Governor of the Central Bank of Malta
- In office 1 October 1999 – 30 June 2011
- Prime Minister: Eddie Fenech Adami, Lawrence Gonzi
- Preceded by: Emanuel Ellul
- Succeeded by: Josef Bonnici

Personal details
- Education: University of Malta, University of Oxford

= Michael C. Bonello =

Maltese economist

Michael C. Bonello is a Maltese economist, former governor of the Central Bank of Malta from 1999 to 2011.

==Biography==

After obtaining a bachelor's degree in languages and economics from the University of Malta in 1965, Bonello pursued his studies as a Rhodes Scholar at the University of Oxford, where he took an honours degree in philosophy, politics and economics in 1969.

In 1969 he joined the Central Bank of Malta as a research assistant and later served as senior research officer from 1971 to 1978. Bonello was also president of the Malta branch of the Chartered Institute of Bankers. In 1978, he left the bank to join the private sector, where he held senior management positions and sat on the councils of the Chamber of Commerce and the Federation of Industry until he joined the United Nations Conference on Trade and Development (UNCTAD) in Geneva. Between 1983 and 1999 he served UNCTAD as senior economic affairs officer in the International Trade Division, chief of the Policy Clearance Unit, advisor in the office of the secretary-general and executive assistant to the deputy secretary-general.

He was initially appointed governor of the Central Bank of Malta on 1 October 1999 upon the proposal of Prime Minister Eddie Fenech Adami.
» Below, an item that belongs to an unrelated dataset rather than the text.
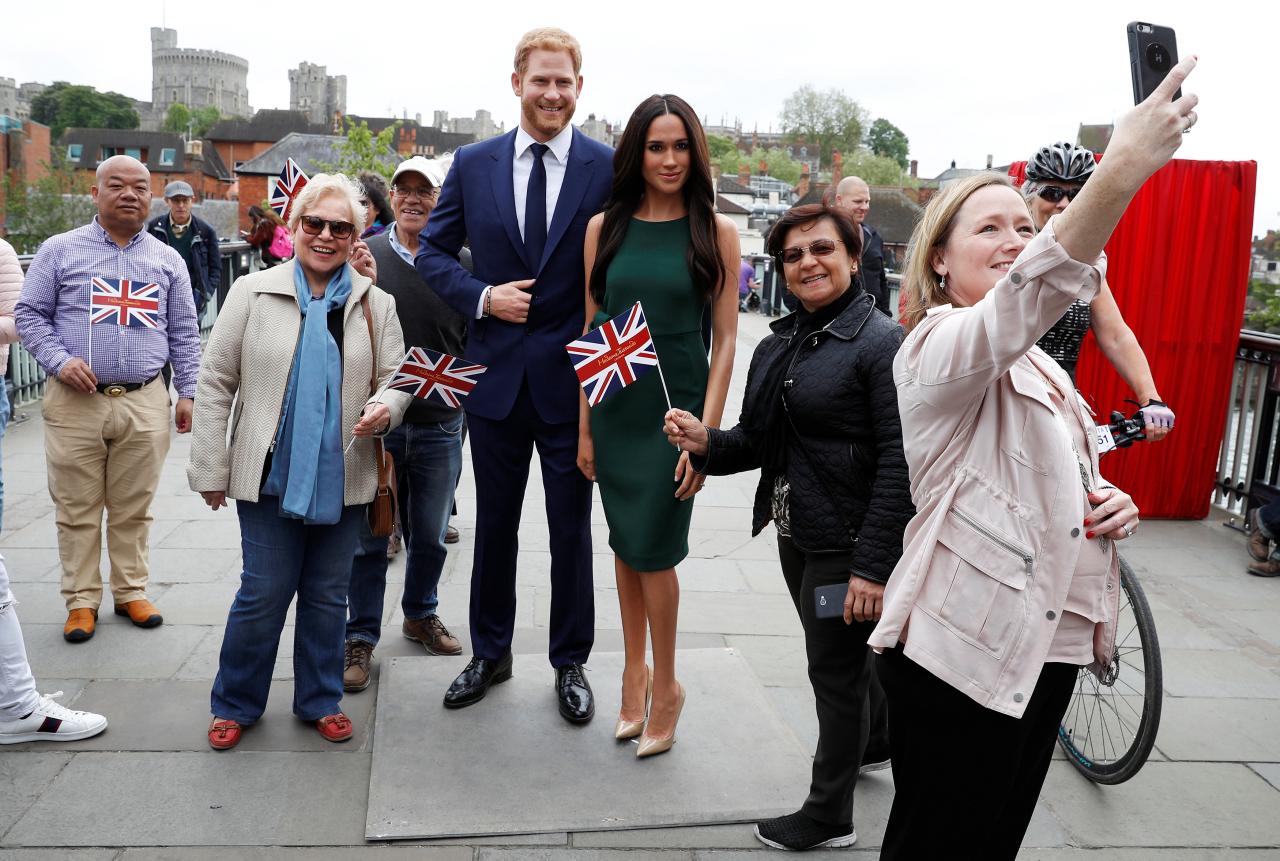 People pose for pictures and selfies with models of Britain's Prince Harry and Meghan Markle ahead of their wedding, in Windsor, Britain May 16, 2018.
His appointment has been extended for five years by PM Lawrence Gonzi, with effect from 1 October 2008. He left the Central Bank in 2011.

Since 2013 Bonello has been Chairman of Lombard Bank Malta plc.

Bonello is also a member of the governing and general councils of the European Central Bank, a fellow of the Institute of Financial Services and a member of the board of governors of the Malta Financial Services Authority.